A trend in offshore software application development is moving to an offshore setting. The process appears to be opposed to agile development in several ways. For a start it goes against the notion of physical nearness, since through definition of other shore service providers are a long way away. Second, most offshore vendors favor the plan-driven approach wherein detailed designs or requirements are sent offshore to be done. The question in the process would be the absolute requirements that could be used to succeed in the offshore app development process.
The three absolute requirements include the following:
1. Use of continuous integration to avoid integration problems. Everyone has been happy with how well this works. The main benefit of this is that issue that plagues other groups when it comes to integration just does not happen to those using it. The continuous integration and test process flushes out a lot of issues very fast, thus they could be fixed before they become difficult to find. The process requires good connectivity, often, better connectivity than people are used to.

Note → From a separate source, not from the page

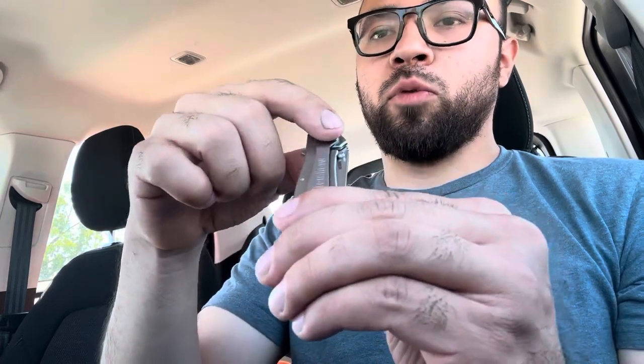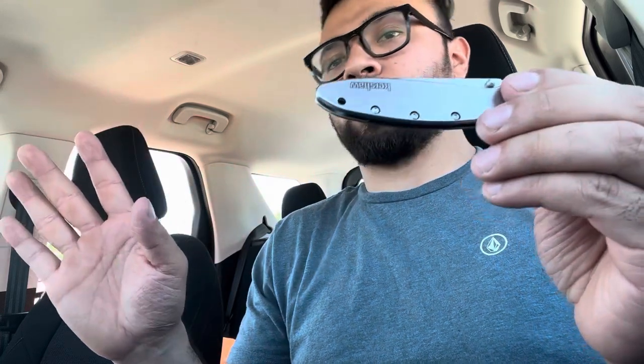I haven't moved the two pins over to flip it to the other side because I like to carry it with the knife facing down, so when I go to grab it it's already in the position I'm going to open it up. Just little stuff like that.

2. Each site should send ambassadors to other sites. One of the advantages of a business-oriented ambassador on the offshore team is it helps provide business context to the offshore vendor. An integral part of the job of the ambassador is to communicate gossip. On any given project, there is plenty of informal communication. While most of this is not important, some are and the trouble is that one could never tell which is which. Thus, part of the ambassador’s job is to community lots of tidbits which do not look important enough for more formal communication channels. These professionals are an integral part of trust building and gelling across the wire. As a result, it is important to send them out as early as possible in the task.
Contact visits could build trust and the ambassadors are semi-permanent people who would spend several months in the other area or location. There are two kinds of contact visits, the seeding visits that occur early in the project and meant to establish relationships. The other one, the maintaining visits are what helps keep the relationship going.
3. Business interests should be aligned. There are a lot of companies that reward late projects and punish the early ones. This is of course not intentional. When projects were late, they would respond through the creation of special incentives, adding people to the task and boosting the project visibility. When a project does well, they would pull people off to fight other fires, take the best ones away from the project leader to work on other tasks, and then management would stop attending project review meetings. When working when an outsourcing vendor, if a firm does not figure out their model and how they get paid, it is the same a playing a poker blindfolded. A lot of organizations build a model based on rotating junior people via their company on standard projects. One of the most difficult problems in assessing professional job productivity is determining quality impact.
The three absolute requirements include the following:
1. Use of continuous integration to avoid integration problems. Everyone has been happy with how well this works. The main benefit of this is that issue that plagues other groups when it comes to integration just does not happen to those using it. The continuous integration and test process flushes out a lot of issues very fast, thus they could be fixed before they become difficult to find. The process requires good connectivity, often, better connectivity than people are used to.
2. Each site should send ambassadors to other sites. One of the advantages of a business-oriented ambassador on the offshore team is it helps provide business context to the offshore vendor. An integral part of the job of the ambassador is to communicate gossip. On any given project, there is plenty of informal communication. While most of this is not important, some are and the trouble is that one could never tell which is which. Thus, part of the ambassador’s job is to community lots of tidbits which do not look important enough for more formal communication channels. These professionals are an integral part of trust building and gelling across the wire. As a result, it is important to send them out as early as possible in the task.
Contact visits could build trust and the ambassadors are semi-permanent people who would spend several months in the other area or location. There are two kinds of contact visits, the seeding visits that occur early in the project and meant to establish relationships. The other one, the maintaining visits are what helps keep the relationship going.
3. Business interests should be aligned. There are a lot of companies that reward late projects and punish the early ones. This is of course not intentional. When projects were late, they would respond through the creation of special incentives, adding people to the task and boosting the project visibility. When a project does well, they would pull people off to fight other fires, take the best ones away from the project leader to work on other tasks, and then management would stop attending project review meetings. When working when an outsourcing vendor, if a firm does not figure out their model and how they get paid, it is the same a playing a poker blindfolded. A lot of organizations build a model based on rotating junior people via their company on standard projects. One of the most difficult problems in assessing professional job productivity is determining quality impact.